Goal of the exercise: Taking the data below, please print only the lines from the line holding "Child boy using" to the line holding "barcos de cola", inclusive, with pictures omitted.

Extracted data entries:
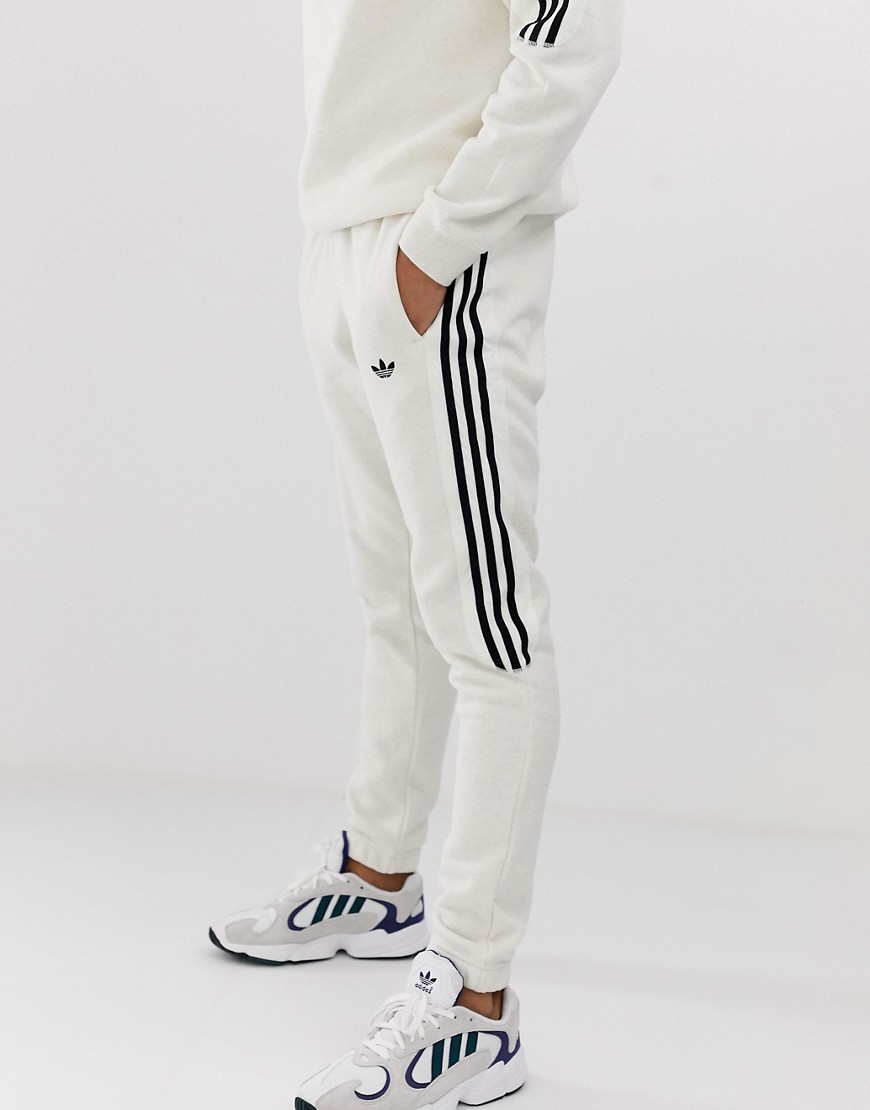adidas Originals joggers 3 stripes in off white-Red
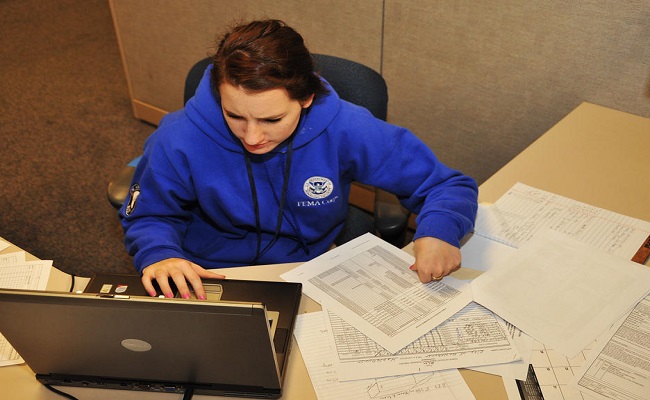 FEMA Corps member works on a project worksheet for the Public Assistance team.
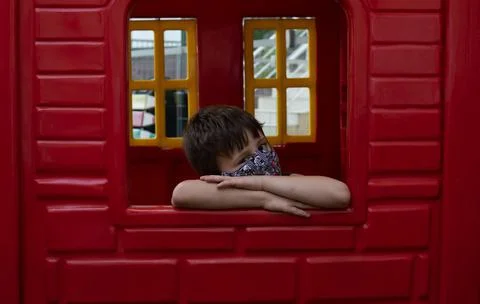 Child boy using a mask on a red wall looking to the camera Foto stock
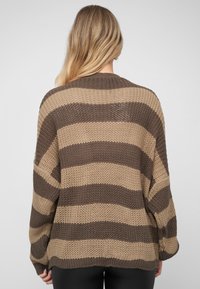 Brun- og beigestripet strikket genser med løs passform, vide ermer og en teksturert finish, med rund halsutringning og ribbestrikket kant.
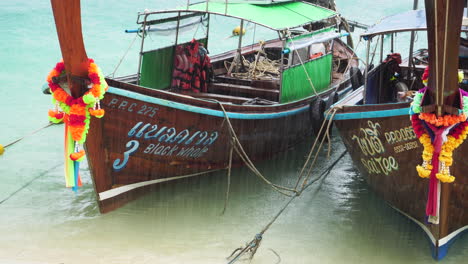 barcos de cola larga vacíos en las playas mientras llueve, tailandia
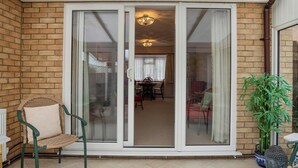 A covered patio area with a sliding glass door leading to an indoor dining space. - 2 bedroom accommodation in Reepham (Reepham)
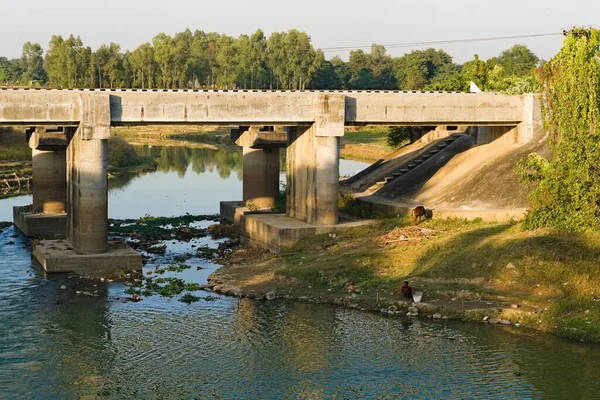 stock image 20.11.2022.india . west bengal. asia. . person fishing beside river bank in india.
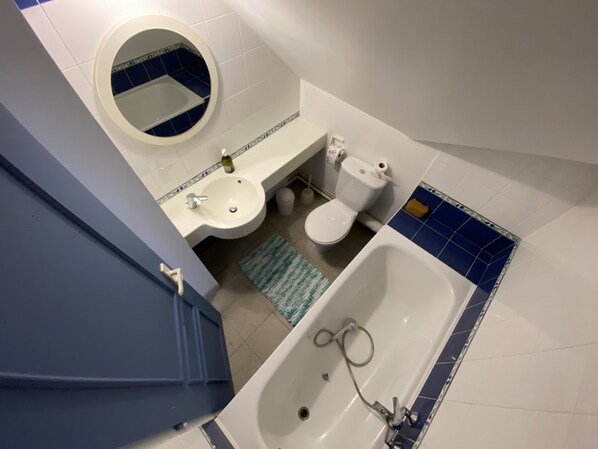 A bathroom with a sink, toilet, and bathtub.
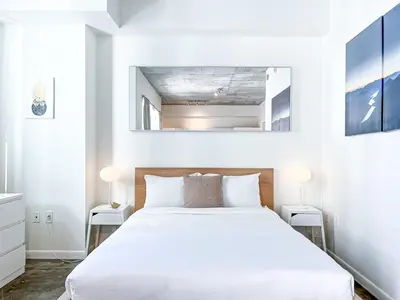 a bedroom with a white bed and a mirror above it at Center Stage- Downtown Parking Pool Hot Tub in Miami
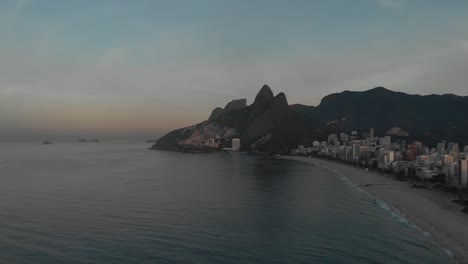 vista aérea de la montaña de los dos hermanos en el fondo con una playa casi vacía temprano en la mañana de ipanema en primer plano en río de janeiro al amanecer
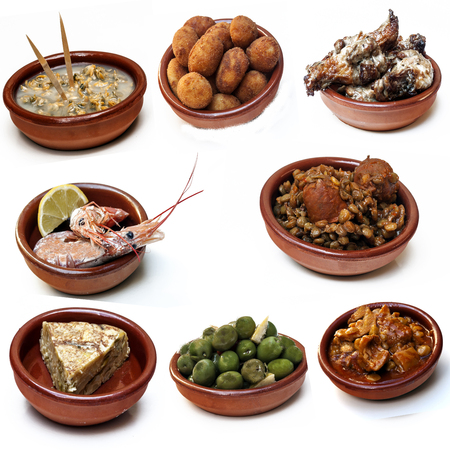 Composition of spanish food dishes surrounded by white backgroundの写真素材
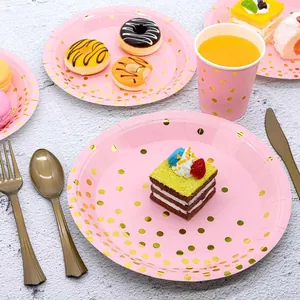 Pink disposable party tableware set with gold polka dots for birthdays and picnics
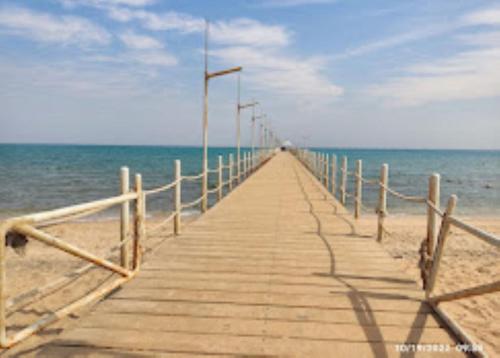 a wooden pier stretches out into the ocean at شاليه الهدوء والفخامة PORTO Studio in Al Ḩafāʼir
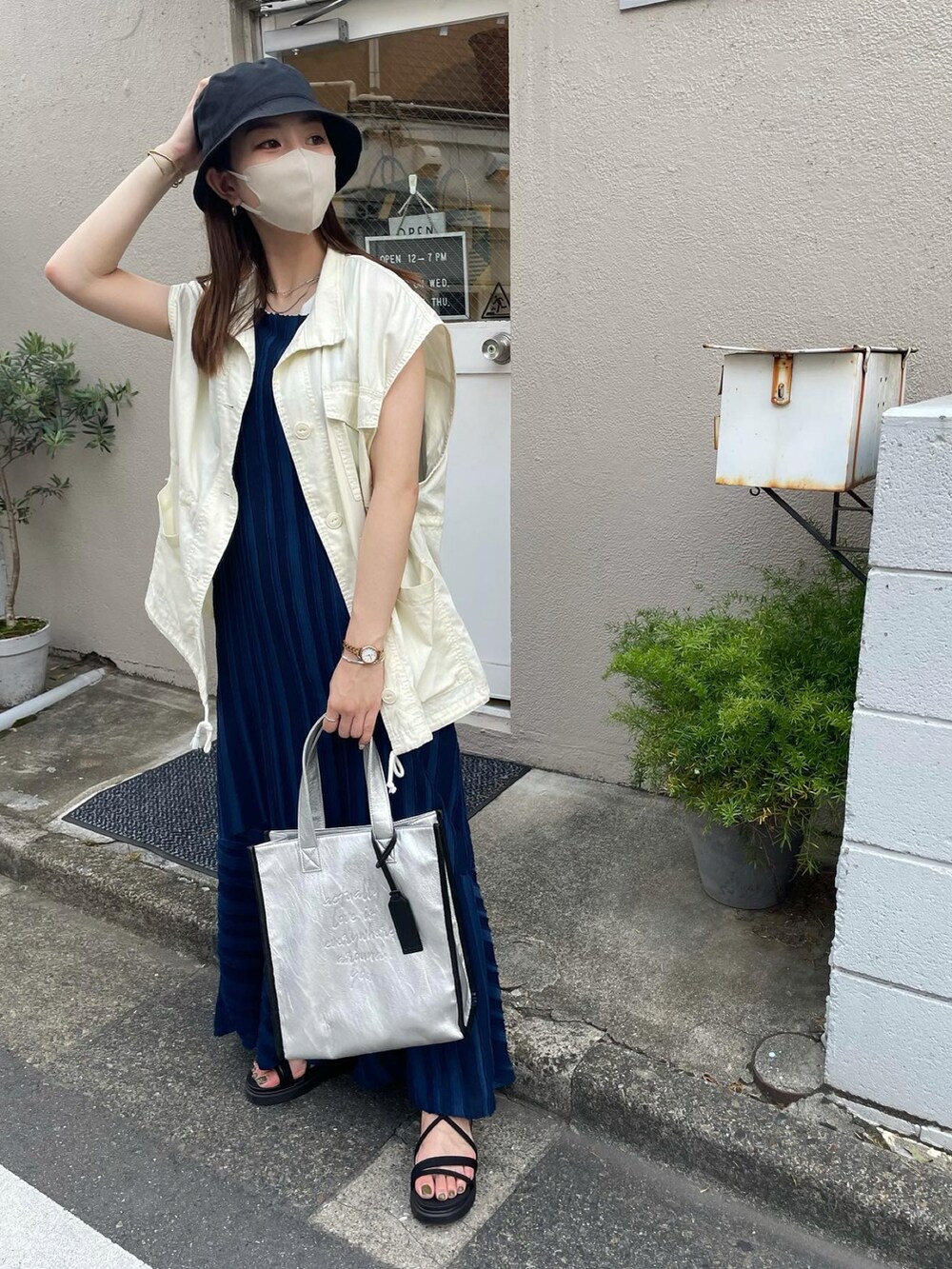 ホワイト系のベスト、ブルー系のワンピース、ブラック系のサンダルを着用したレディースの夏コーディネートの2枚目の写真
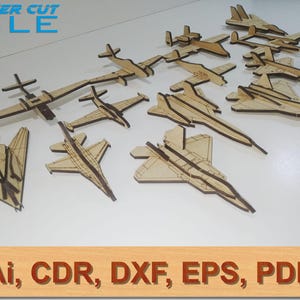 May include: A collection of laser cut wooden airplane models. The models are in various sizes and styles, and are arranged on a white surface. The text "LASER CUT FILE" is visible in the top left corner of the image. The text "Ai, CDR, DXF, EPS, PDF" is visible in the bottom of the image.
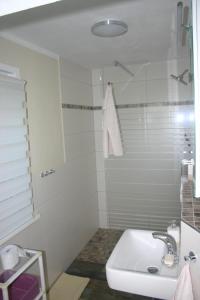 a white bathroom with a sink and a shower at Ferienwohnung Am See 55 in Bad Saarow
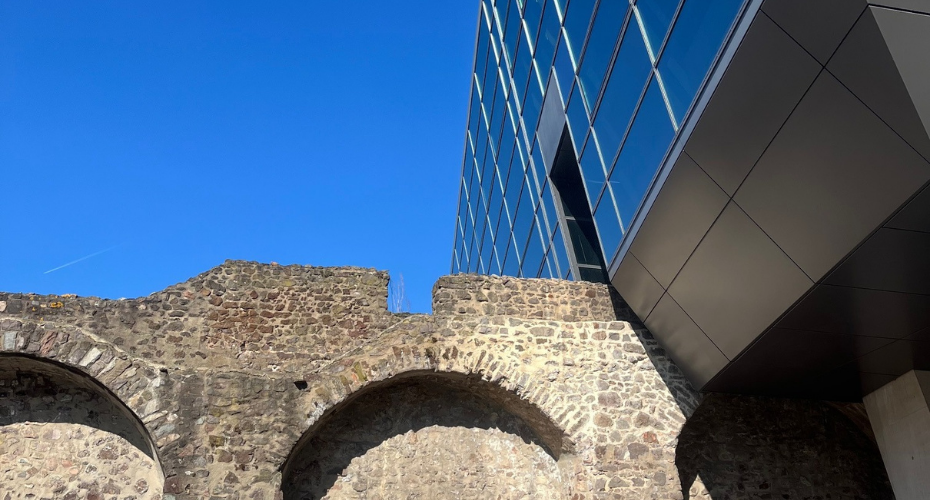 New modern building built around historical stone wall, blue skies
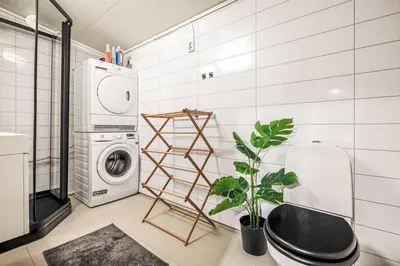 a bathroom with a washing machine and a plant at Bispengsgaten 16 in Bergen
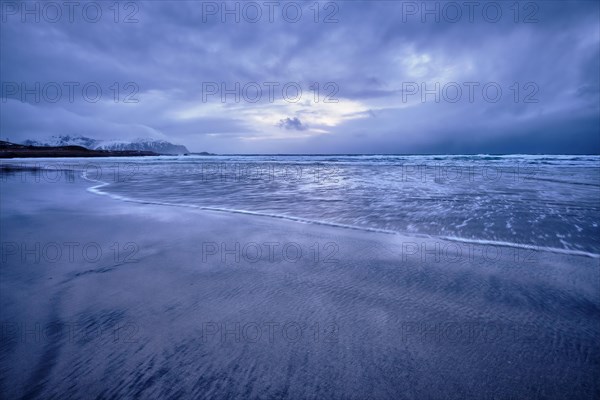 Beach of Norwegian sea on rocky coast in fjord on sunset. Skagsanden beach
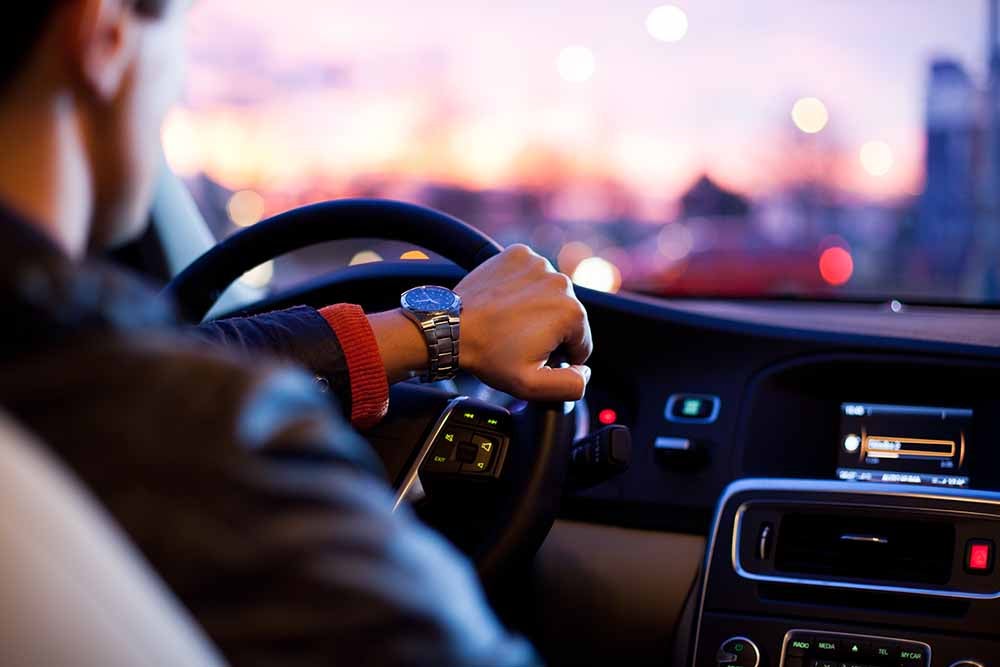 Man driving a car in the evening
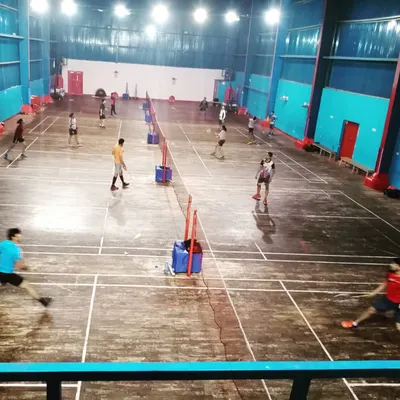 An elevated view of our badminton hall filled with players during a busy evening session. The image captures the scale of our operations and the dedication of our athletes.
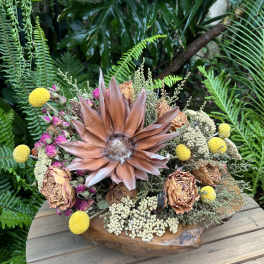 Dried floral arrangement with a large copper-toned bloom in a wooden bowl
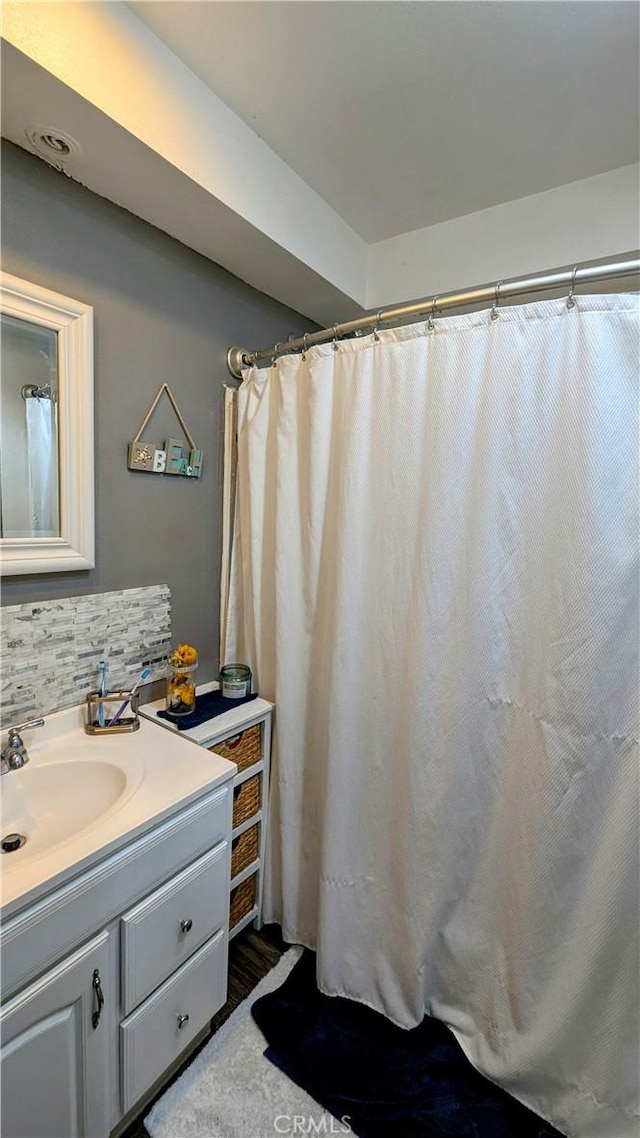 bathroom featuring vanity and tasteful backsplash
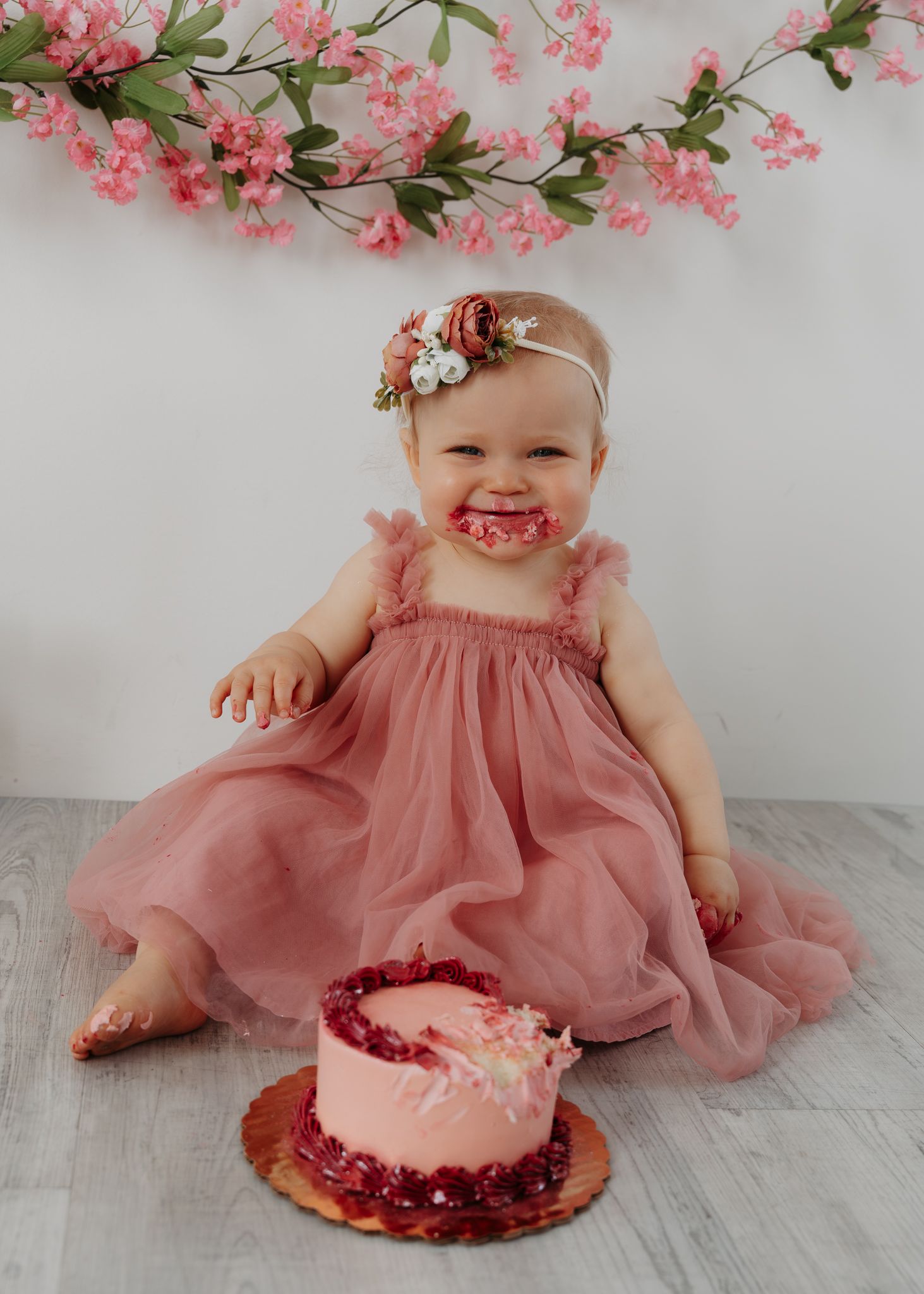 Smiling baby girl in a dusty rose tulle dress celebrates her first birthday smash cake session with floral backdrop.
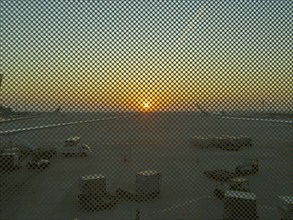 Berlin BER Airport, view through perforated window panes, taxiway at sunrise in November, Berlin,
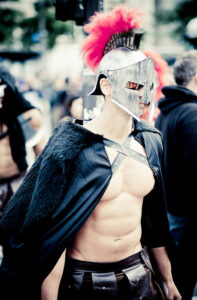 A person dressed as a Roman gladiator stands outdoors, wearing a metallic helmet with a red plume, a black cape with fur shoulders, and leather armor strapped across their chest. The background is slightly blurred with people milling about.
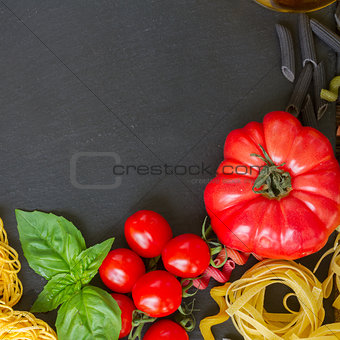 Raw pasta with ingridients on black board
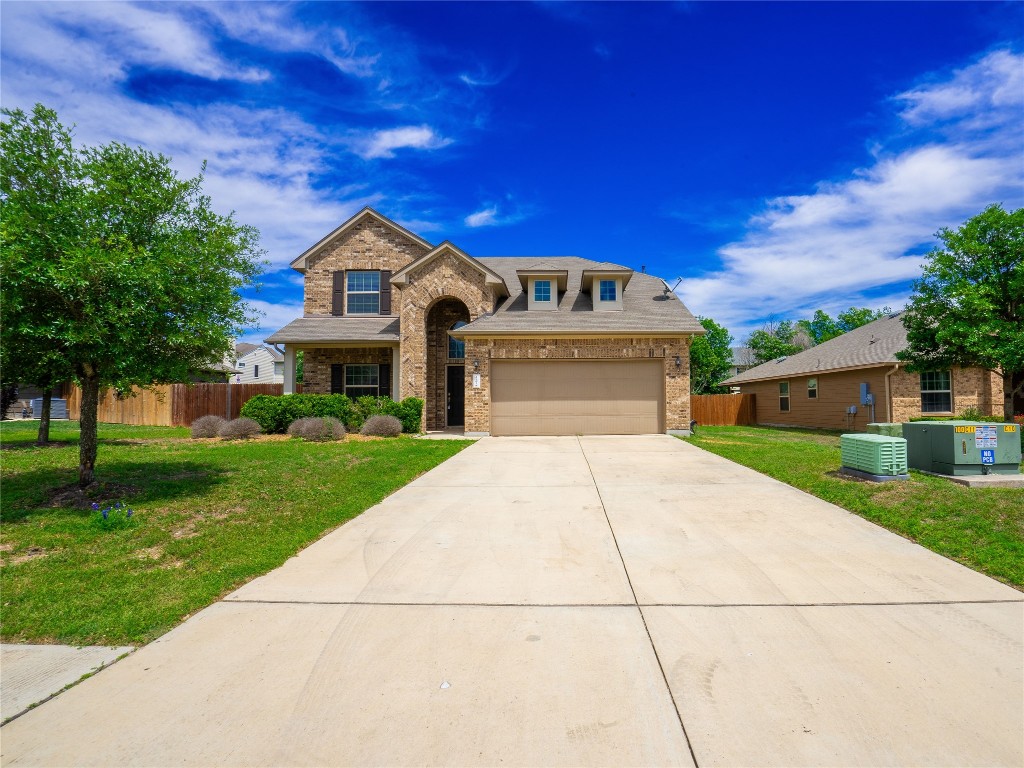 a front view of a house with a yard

Your response:
 Child boy using a mask on a red wall looking to the camera Foto stock
 Brun- og beigestripet strikket genser med løs passform, vide ermer og en teksturert finish, med rund halsutringning og ribbestrikket kant.
 barcos de cola larga vacíos en las playas mientras llueve, tailandia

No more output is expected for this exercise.